For nearly two centuries these two burial grounds were the only ones in this vicinity. In the fall of 1829 an episode occurred which led to the opening of the Jersey City Cemetery. One morning a passer-by saw the body of a drowned man washed ashore at Harsimus; he drew it up on the grass, and after a little several others gathered there and in the discussion that followed it was decided to give the body suitable burial and mark the grave with a stone that it might be identified in case any friends of the dead man might eventually be found. The little group contributed a sum sufficient, as they supposed, to make the desired provision, and a committee was appointed to attend to the matter, and see that the body was properly buried in the cemetery of the Bergen Church. The sexton charged $12 to open a grave, which seemed to the people of Jersey City such an enormous price that it aroused universal indignation, which resulted in a public meeting at Hugh McCutcheon's Farmer's Hotel at 42 York street (quite a celebrated tavern of the day), at which it was decided to open a new cemetery and no longer be dependent upon that of the Bergen Church. Subscriptions were taken and a cemetery company was formed of which David C. Colden, one of the associates, and at that time Mayor of New York, was President, Robert Gilchrist was Treasurer, and J. D. Miller was Secretary.

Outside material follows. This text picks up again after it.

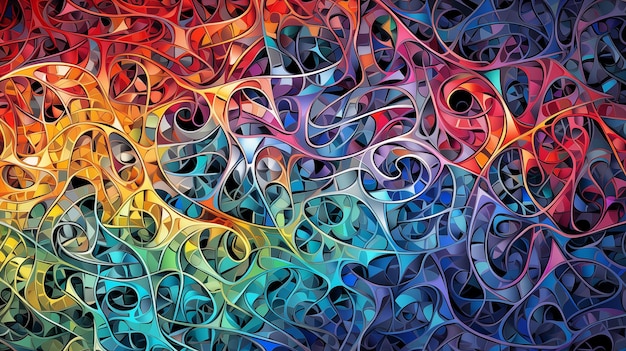 Ilustração abstrata com caminhos serpenteantes e cores vibrantes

The result was the purchase of five and a half acres on the hill-side south of the Newark Turnpike, and the Jersey City Cemetery was opened, at that time a quiet, country place, where under the drooping willows, many families, prominent in the early life of Jersey City were laid to rest far from the noise of the young city; but with the passing years, the city has extended out to and far beyond their resting place, all about them are city streets and a railroad now runs along at the foot of the hill.

The Old M'Cutcheon Hotel.

In 1831 or thereabouts, the third burial ground of the Bergen Church, east of Bergen avenue and south of Vroom street, was bought of Aaron Tuers for $500, and surveyed and laid out in fourteen foot lots by Colonel Sip. These lots were sold at $5 each, the gore lots being reserved for the poor. In 1849 the New York Bay Cemetery was opened; it is one of the largest Protestant cemeteries in the county, embracing about one hundred acres, sloping to the waters of the bay, a very beautiful location on Ocean and Garfield avenues. About 1857 Abraham Spier, while acting as sexton for the Bergen Church, laid out a burying ground south of and adjoining the west end of the second church cemetery, which is still known as Spier's Cemetery. Since then the Catholics have opened a cemetery south of Communipaw avenue, and west of West Side avenue. Jersey City has other cemeteries outside of the city limits, of more recent organization.